How to train common voice dataset portuguese - pt_29h_2019-12-10

Jerson_Luiz_de_Paula_Junior · May 31, 2020, 4:20am

It is now possible to sort the data set in Portuguese using deepspeech?

I read the document https://deepspeech.readthedocs.io/en/v0.7.1/TRAINING.html but I am confused how to train a model using the examples in the /bin folder, could someone give an initial help.

Using the dataset in Portuguese:

I have already executed the commands below, according to the documentation:

bin/import_cv2.py --filter_alphabet path/to/some/alphabet.txt /path/to/extracted/language/archive

python3 DeepSpeech.py --train_files ../data/CV/en/clips/train.csv --dev_files ../data/CV/en/clips/dev.csv --test_files ../data/CV/en/clips/test.csv

othiele · May 31, 2020, 8:09am

Yes it works, but without any description of what went wrong I have no idea how to help you

Jerson_Luiz_de_Paula_Junior · June 2, 2020, 1:01pm

After the training or the result has nothing to do with Portuguese but with English, what did I do wrong?

Test on br/clips/test.csv - WER: 1.000000, CER: 0.699375, loss: 89.459923
--------------------------------------------------------------------------------
Best WER: 
--------------------------------------------------------------------------------
WER: 0.666667, CER: 0.615385, loss: 32.993889
 - wav: file://br/clips/common_voice_pt_19301257.wav
 - src: "daqui a pouco"
 **- res: "one a too"**
--------------------------------------------------------------------------------
WER: 0.666667, CER: 0.700000, loss: 32.972122
 - wav: file://br/clips/common_voice_pt_19287125.wav
 - src: "chanceler do tesouro"
 **- res: "i do so"**
--------------------------------------------------------------------------------
WER: 0.666667, CER: 0.692308, loss: 22.815779
 - wav: file://br/clips/common_voice_pt_19310535.wav
 - src: "abra a janela"
 **- res: "a ran"**
--------------------------------------------------------------------------------
WER: 0.750000, CER: 0.653846, loss: 90.590782
 - wav: file://br/clips/common_voice_pt_19334198.wav
 - src: "as praias eram exuberantes"
 - res: "as to er er "

My configuration:
python3 DeepSpeech.py --train_files br/clips/train.csv --dev_files br/clips/dev.csv --test_files br/clips/test.csv --train_batch_size 10 --dev_batch_size 10 --test_batch_size 10 --n_hidden 2048 --learning_rate 0.0001 --dropout_rate 0.20 --epochs 75 --lm_alpha 0.75 --lm_beta 1.85 --export_dir export/ --checkpoint_dir export/ --export_language pt --alphabet_config_path alphabet.txt --scorer data/lm/kenlm.scorer

othiele · June 2, 2020, 1:17pm

Ah, you need a custom scorer with Portuguese text not the one for English.

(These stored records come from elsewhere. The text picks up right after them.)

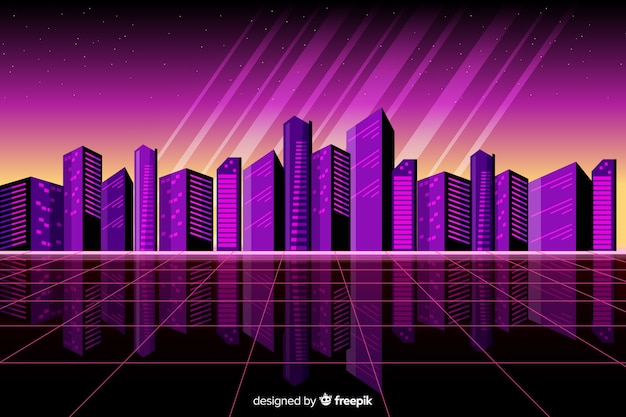 Gratis vector kleurrijke retro futuristische landschapsachtergrond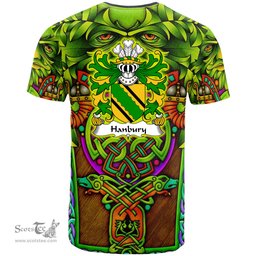 ScotsTee Shop Welsh Hanbury of Pontypool Monmouthshire Coat of Arms Family Crest Wales T Shirt Celtic Green Man T Shirt
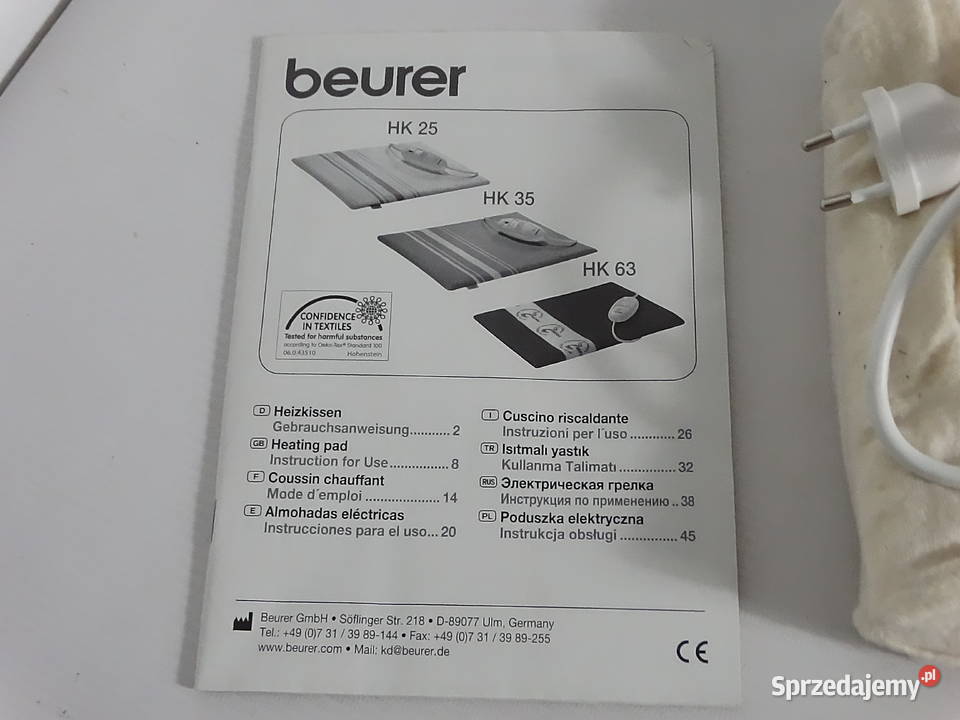 Poduszka elektryczna Beurer HK 25 3 poziomy mocy Biłgoraj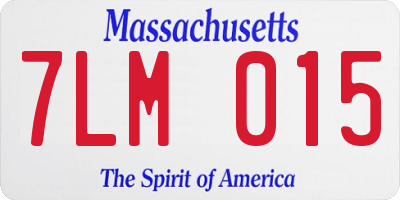 MA license plate 7LM015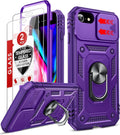 LeYi Compatible for iPhone SE 3rd/ 2nd Generation Case: 7/8/ SE 2022 2020 Phone Cover with Slide Camera Cover+ 2pcs Tempered Glass Screen Protector, Full Body Case with Kickstand for SE, Purple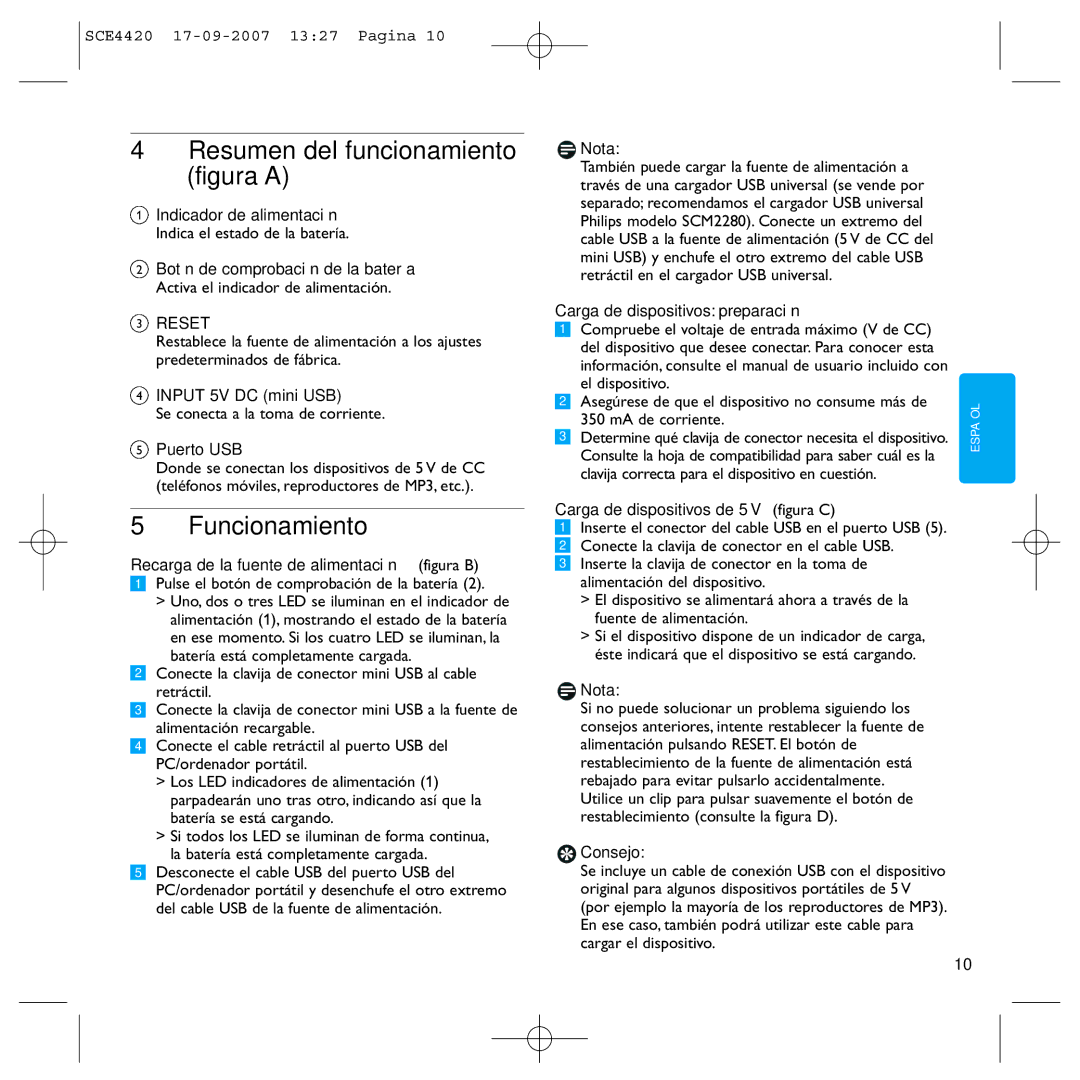 Philips SCE4420 manual Resumen del funcionamiento figura a, Funcionamiento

Search the forum on how to build a custom scorer.

Jerson_Luiz_de_Paula_Junior · June 2, 2020, 3:31pm

I did not find on the forum how to create a custom score, the documentation:https://deepspeech.readthedocs.io/en/master/Scorer.html explains how to create but I have some doubts.

Is it possible to create from a vocabulary of words or through the transcript of the tsv of the common voice dataset?

othiele · June 2, 2020, 6:20pm

Really? This was the first result of many I found:

Jerson_Luiz_de_Paula_Junior · June 2, 2020, 9:36pm

I have another problem now, any tips:

lmplz --order 2 --text vocabulary.txt --arpa words.arpa Works fine

Error:

> /opt/DeepSpeech/data/lm# python3 generate_package.py --alphabet /opt/DeepSpeech/data/alphabet.txt --lm lm.binary --vocab palavras.txt --package     kenlm.scorer --default_alpha 0.75 --default_beta 1.18

320037 unique words read from vocabulary file.
    Doesn't look like a character based model.
    Using detected UTF-8 mode: False
    Traceback (most recent call last):
      File "generate_package.py", line 153, in <module>
        main()
      File "generate_package.py", line 148, in main
        args.default_beta,
      File "generate_package.py", line 58, in create_bundle
        if err != ds_ctcdecoder.DS_ERR_SCORER_NO_TRIE:
    AttributeError: module 'ds_ctcdecoder' has no attribute 'DS_ERR_SCORER_NO_TRIE'

othiele · June 3, 2020, 7:40am

Really, please learn how to use the search in this forum. This is the second question that is answered by a one minute search.